**Dataset extract**.
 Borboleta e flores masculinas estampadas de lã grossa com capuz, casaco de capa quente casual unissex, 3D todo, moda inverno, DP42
...
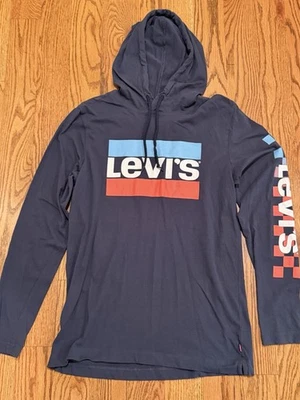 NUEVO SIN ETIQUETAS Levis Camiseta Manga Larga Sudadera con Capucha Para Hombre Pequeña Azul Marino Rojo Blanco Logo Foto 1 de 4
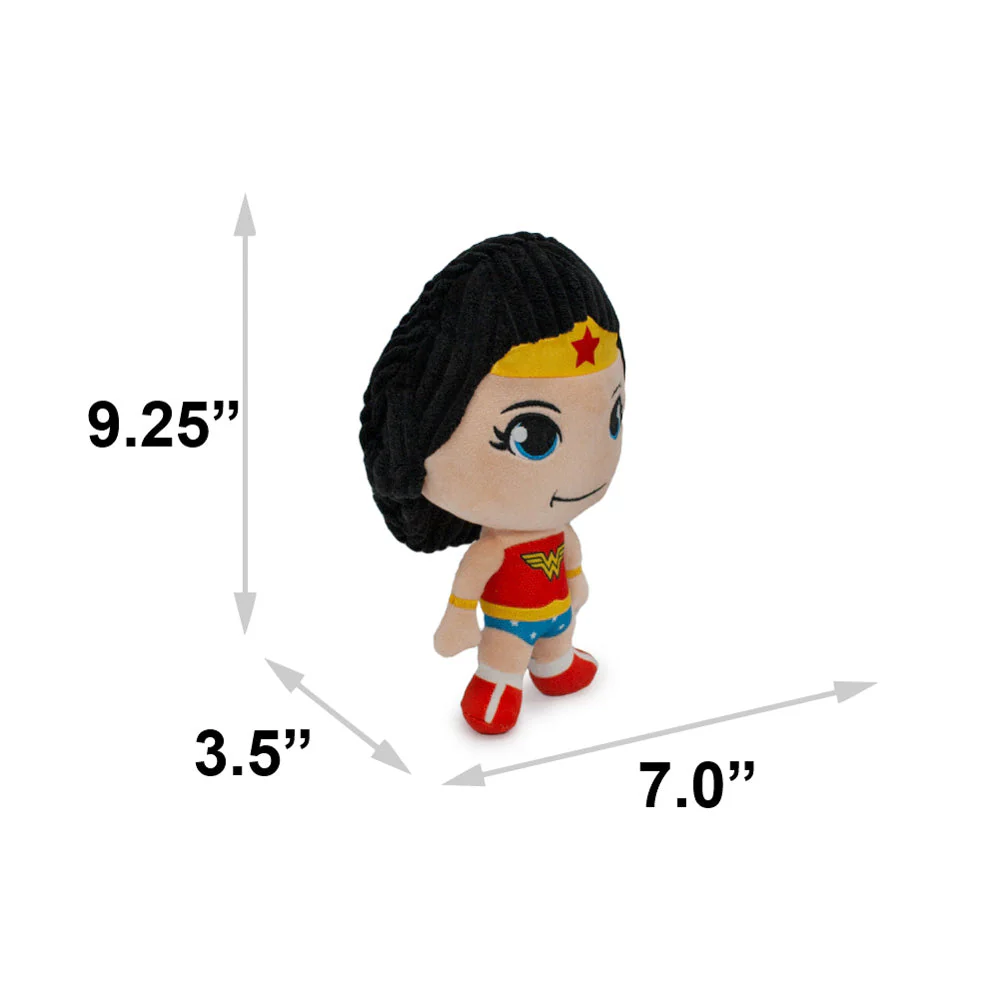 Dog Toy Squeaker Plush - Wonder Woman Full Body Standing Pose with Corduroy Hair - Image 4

**What you need to do**.
Pictures aside, print exactly the lines above starting with the one containing "NUEVO SIN ETIQUETAS" and going on through the one containing "Dog Toy Squeaker".

**Result**.
 NUEVO SIN ETIQUETAS Levis Camiseta Manga Larga Sudadera con Capucha Para Hombre Pequeña Azul Marino Rojo Blanco Logo Foto 1 de 4
 Dog Toy Squeaker Plush - Wonder Woman Full Body Standing Pose with Corduroy Hair - Image 4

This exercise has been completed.